El intelectual más influyente de la posguerra europea, el filósofo francés Jean-Paul Sartre, visitó Cuba con Simone de Beauvoir en 1960, y a su regreso dedicó a la revolución castrista varios artículos en France

Soir, que luego se reunirían en el libro Huracán sobre el azúcar. El libro de Sartre mira y elogia; la suya no es una mirada entregada del todo, pero da el pistoletazo de salida, marca el tono de la adhesión.

Julio Cortázar, Octavio Paz, Hans Magnus Enszensberger, Graham Greene, etcétera, sintieron la llamada de La Habana. El patriarca de las letras isleñas, Lezama Lima, vio la revolución presentarse a sus ojos como el cumplimiento de su proyecto poético; tiempo tendría para desengañarse amargamente. Para algunos, como Cortázar, esa revolución era ideal, pues nacía libre de los crímenes y la arterioesclerosis burocrática soviética. El autor de Rayuela veía cumplirse, muy propiamente en el trópico, un sueño arcádico y un arquetipo del pastoralismo anglosajón: "Los cubanos no odian a nadie y no tienen miedo a nadie. Son como niños en muchos aspectos; juegan, se ríen, trabajan bailando, cantan", escribe a Paul Blackburn. Y Pablo Neruda dedica a Castro y sus barbudos una "canción de gesta" que quizá no esté entre lo más memorable de su ingente producción en verso, pero que es reveladora: "... Fidel Castro, con quince de los suyos / y con la libertad baja a la arena. / La isla estaba oscura como de luto, / pero izaron la luz como bandera... Fatigados y ardientes caminaban/ por honor y deber hacia la guerra. / No tenían más armas que su sangre: / iban desnudos como si nacieran. / Y así nació la libertad de Cuba".

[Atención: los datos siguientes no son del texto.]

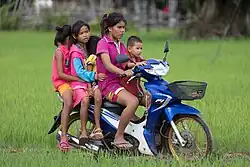 Young girl riding a motorcycle in the rice fields of Don Det, Laos, with four other children passengers.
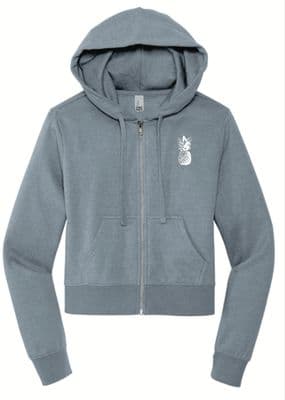 a women's sweatshirt with a pineapple embroidered on the front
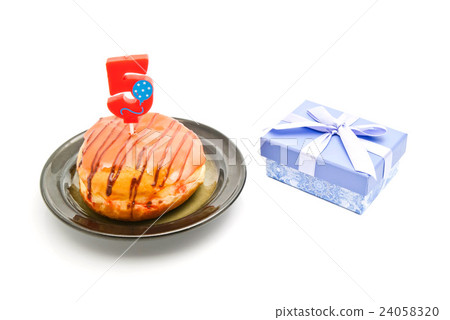 donut with five years birthday candle and gift donut with five years birthday candle and gift 24058320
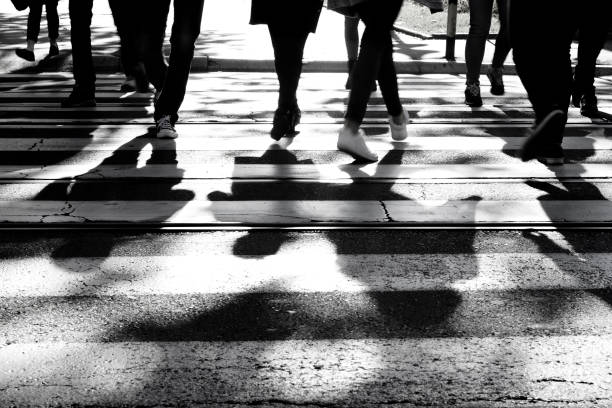istock Blurry zebra crossing with  pedestrians walking shadows 862076480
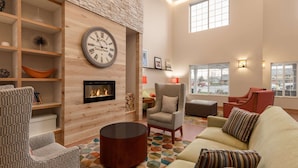 A modern living room with a fireplace, comfortable seating, and a large clock on the wall. - Country Inn & Suites by Radisson, Ames, IA (Ames)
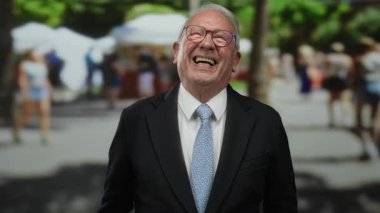 Takım elbiseli kıdemli bir adam neşeli bir şekilde neşeli bir sokakta gülümsüyor. Arka planda bulanık insanlar ve yeşillik var..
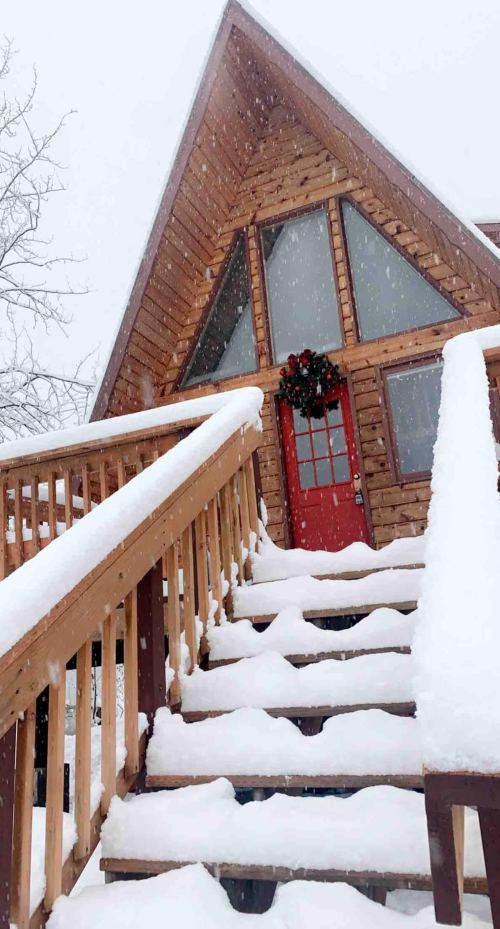A snowy scene featuring a wooden A-frame house with a red door and a wreath, surrounded by falling snow.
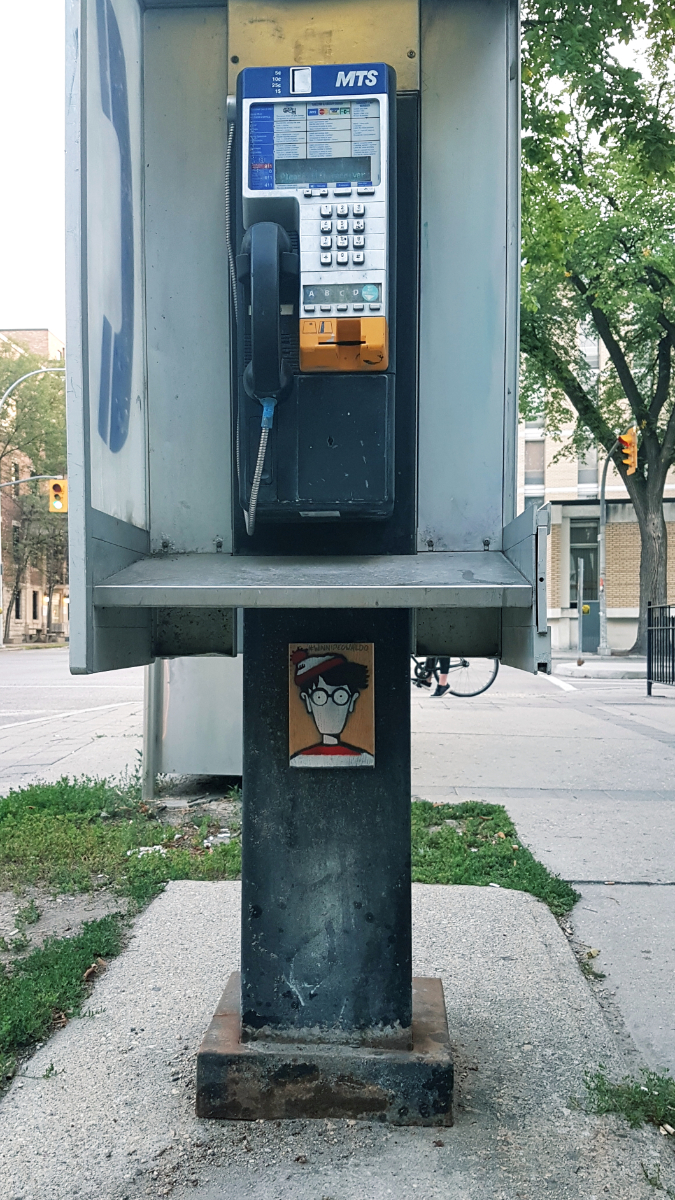 A phone booth with a wooden block with Waldo/Wally's face on it (no nose or mouth but at least there are pupils this time!) and the #winnipegWaldo hashtag.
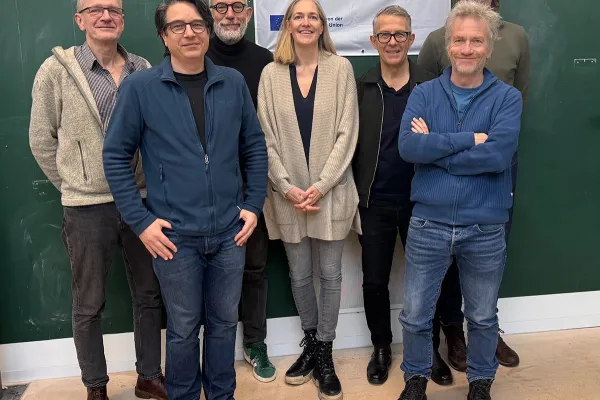 Eine Gruppe von acht Personen steht vor einem grünen Hintergrund. Sie lächeln in die Kamera. Im Hintergrund hängt ein Banner mit der Aufschrift "Erasmus+ Neue Perspektiven, Neue Horizonte".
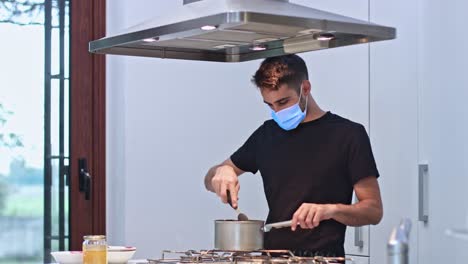 young man at home preparing food with protective mask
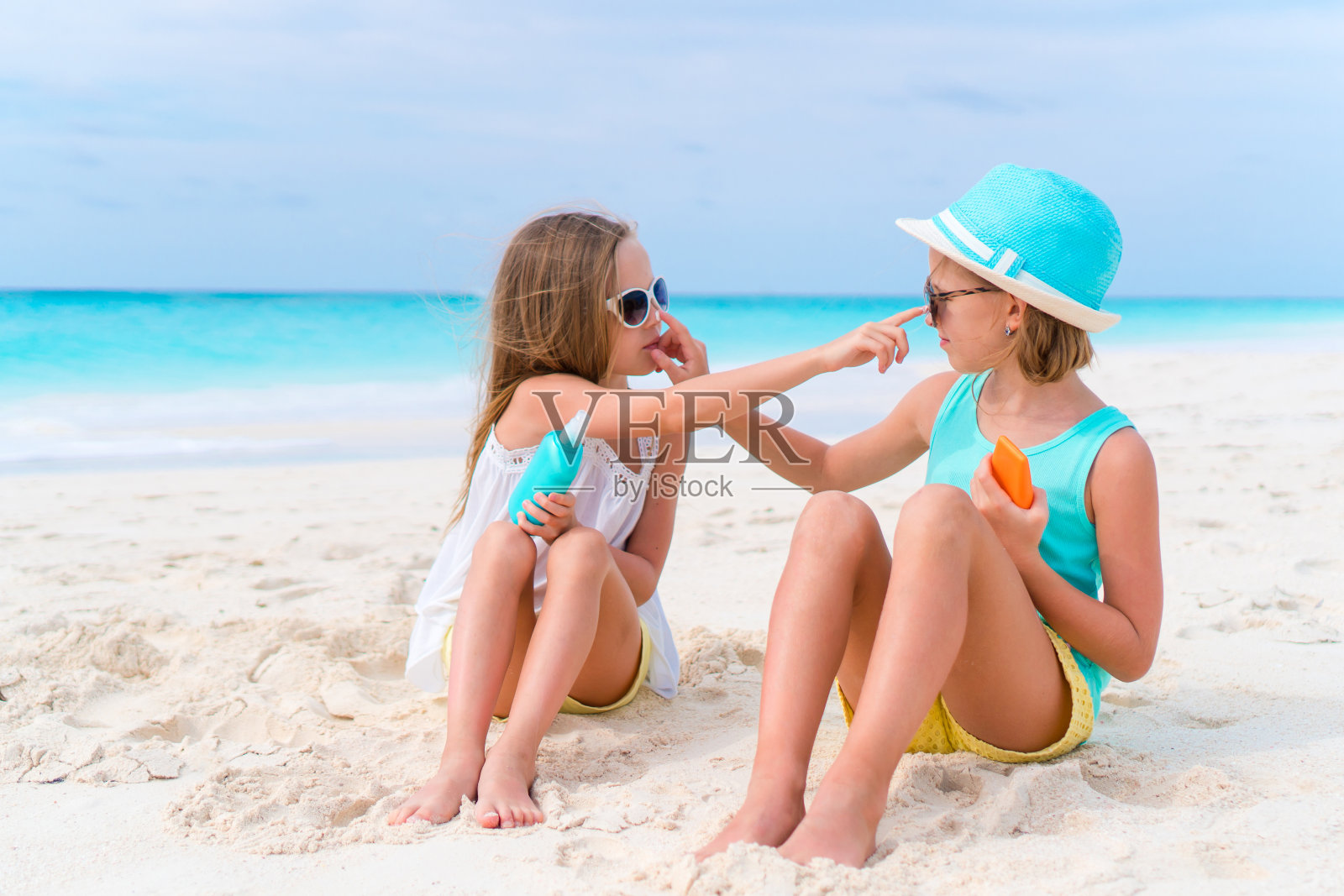 孩子们在海滩上互相涂防晒霜。防止紫外线辐射的概念照片摄影图片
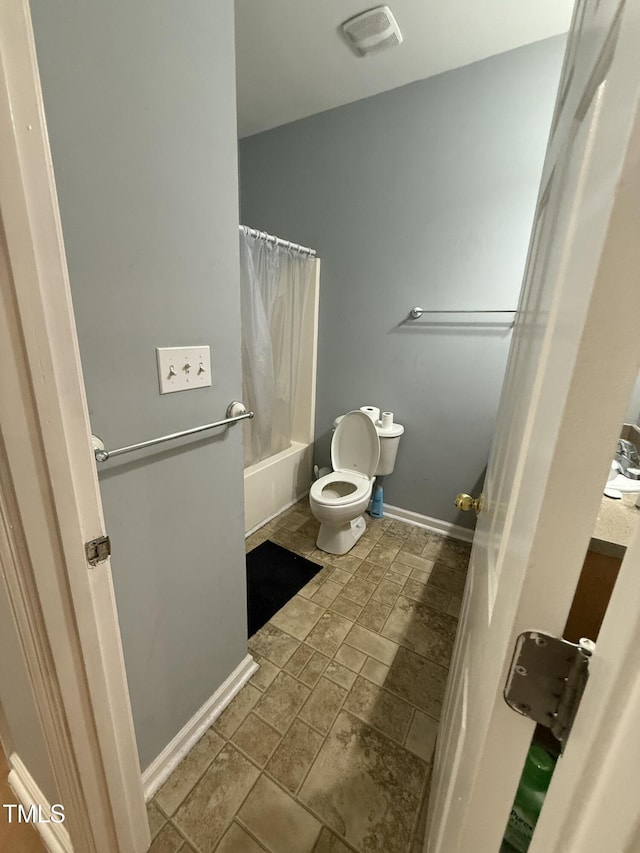 bathroom with toilet and shower / bath combo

Otros, como Wole Soyinka, no apreciaban tanto la revolución cubana propiamente dicha cuanto los efectos de su geopolítica en remotas latitudes: las campañas militares en las guerras africanas o el establecimiento de los primeros vínculos de cohesión cultural iberoamericana. En muchos otros casos, como los del Nobel Gabriel García Márquez o el popularísimo Graham Greene, contumaces en la amistad con espadones de uniforme, hay que suponer que del Comandante, con su viril pistola siempre al cinto, emana una "erótica del poder": veáse el extraordinario ensayo La hora final de Castro, de Andrés Oppenheimer, y Permiso para vivir, de Alfredo Bryce Echenique. Finalmente, en algunos casos se ha tratado de periodistas y literatos cantamañanas que los servicios de inteligencia del régimen han considerado potencialmente influyentes, y que han aprovechado la ocasión revolucionaria para beber roncitos en el trópico y tumbar mulatas extrañamente enamoradizas y extrañamente curiosas de sus opiniones y contactos.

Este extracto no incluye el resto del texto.